Japan gets to grips with population woes
Prime Minister Shinzo Abe feels Japan is unfairly singled out for wrongs that were more widespread than their accusers admit.

JAPAN - With the past government's efforts to raise Japan's low fertility rate having had little effect, Prime Minister Shinzo Abe is taking a new approach that goes beyond incentives like childcare assistance.

The government is to set up a comprehensive strategic task force headed by the premier himself that will get all branches of the central government to work together, and also with the local authorities, to tackle the issue from the ground up.

The establishment of the task force will be included in the government's basic economic and fiscal policy outline to be unveiled towards the end of this month, say reports.

It will be the first time that population issues are included in such a policy outline. The task force itself is likely to be set up next month.

This comes as Japan's fertility rate rose only slightly to 1.41 in 2012, up 0.02 point from a year earlier and still far below the 2.07 needed to maintain a country's population.

Japan also faces the problem of population decline in smaller cities as young people move to the capital Tokyo and other bigger cities in search of jobs and a better life.
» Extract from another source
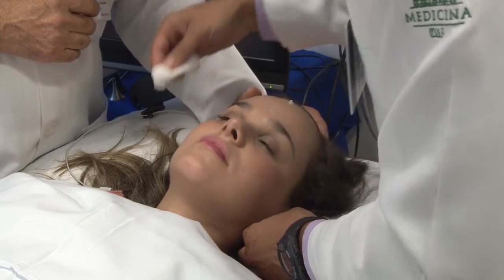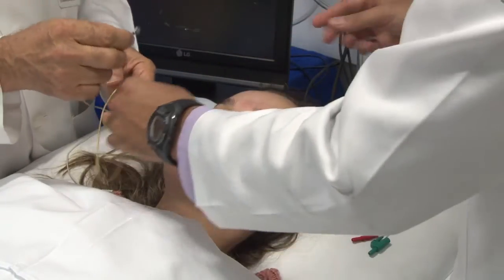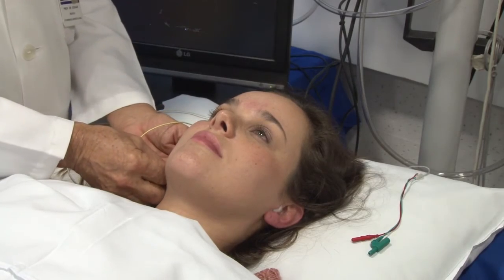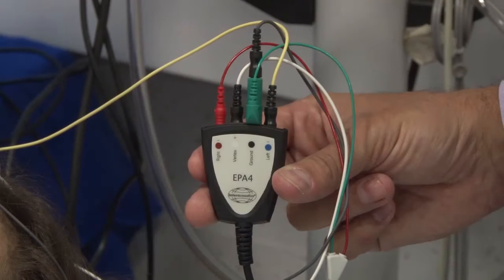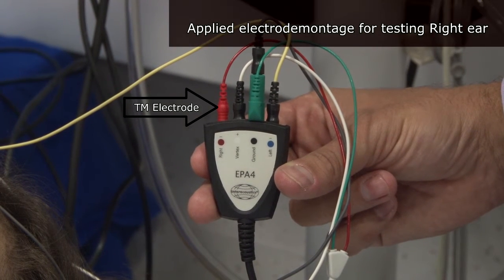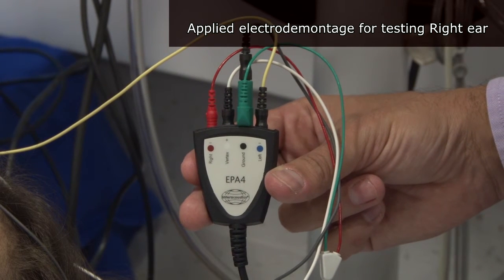Meanwhile, we will prepare the skin and fix the surface electrodes using contact cream. This is the way we put the electrodes into the pre-amplifier. For the right ear, the jump is placed into the right socket and ground. The right earlobe electrode is connected with the blue socket and the forehead electrode is plugged into the white socket.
Mr Abe's new comprehensive approach will aim to solve both the problem of a lack of babies nationwide and that of falling population in smaller cities.

The government aims to make smaller cities attractive to young couples by creating jobs and providing housing, shopping malls, creches and other social infrastructure to support young families.

This, it hopes, will encourage young people to remain in such cities to work, marry and have children, and persuade more mothers to remain in the workforce.

"For women, it should not be a case of deciding whether to work or to have children. Women should be able to do both without making such a great effort," said Mr Akira Amari, minister in charge of economic and fiscal policy, last Saturday.